Michael Young, applications engineer, thermal management at Vertiv.

Michael Young, applications engineer, thermal management at Vertiv.

The growing energy requirements of data centres are making them costly to run, and putting the IT industry under pressure to lower its energy consumption. At the same time, data centre managers are under pressure to optimise facility infrastructure to ensure efficiency, performance and reliability.

Many data centre managers are under the false impression that to maintain optimum temperatures in the data centre, they need to overcool the supply air. But this isn't the case. In reality, they need to create more favourable conditions.

"Increasing the data centre temperature now allows one to implement energy-saving technology within their data centre," says Michael Young, applications engineer, thermal management, at Vertiv.

Young will be presenting on 'The impact of increasing the operating temperatures of your data centre', at the ITWeb Data Centre Summit, to be held on 10 July, at The Forum in Bryanston.

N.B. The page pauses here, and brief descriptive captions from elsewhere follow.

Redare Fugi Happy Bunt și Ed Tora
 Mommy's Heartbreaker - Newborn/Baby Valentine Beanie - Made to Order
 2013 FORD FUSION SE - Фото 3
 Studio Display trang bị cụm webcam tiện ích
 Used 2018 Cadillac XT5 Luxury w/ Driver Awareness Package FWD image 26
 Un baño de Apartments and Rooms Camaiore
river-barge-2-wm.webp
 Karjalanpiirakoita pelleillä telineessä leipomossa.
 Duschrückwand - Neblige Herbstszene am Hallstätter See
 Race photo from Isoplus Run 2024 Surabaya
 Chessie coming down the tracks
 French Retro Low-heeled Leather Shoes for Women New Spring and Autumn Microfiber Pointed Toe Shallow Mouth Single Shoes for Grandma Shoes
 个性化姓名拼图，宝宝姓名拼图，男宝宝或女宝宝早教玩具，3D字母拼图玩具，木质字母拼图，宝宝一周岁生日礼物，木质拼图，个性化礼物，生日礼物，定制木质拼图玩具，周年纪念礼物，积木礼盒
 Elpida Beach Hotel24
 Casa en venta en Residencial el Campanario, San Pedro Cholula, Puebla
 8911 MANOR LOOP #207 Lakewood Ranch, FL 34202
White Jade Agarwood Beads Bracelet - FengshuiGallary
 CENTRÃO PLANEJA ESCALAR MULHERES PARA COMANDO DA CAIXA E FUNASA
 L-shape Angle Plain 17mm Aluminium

Young believes the best way to get around the data centre's high power usage challenge is through management of the IT team.

"Energy is wasted when cooling units do not operate at their peak design load, when servers are installed in the incorrect orientation and when the installation of equipment is not performed correctly."

Delegates attending Young's talk will learn about the impact a higher operating temperature will have on the existing cooling unit, and will see how raising the operating temperatures increases energy efficiency of the cooling unit. In addition, he will discuss how to improve energy efficiency without compromising server operations.

"The major takeaway is to be cautious when randomly deciding to increase the operating temperatures of your data centre," concludes Young.

"Always understand what is occurring within the system, as altering one parameter can cause a negative knock-on effect on another piece of equipment within the system."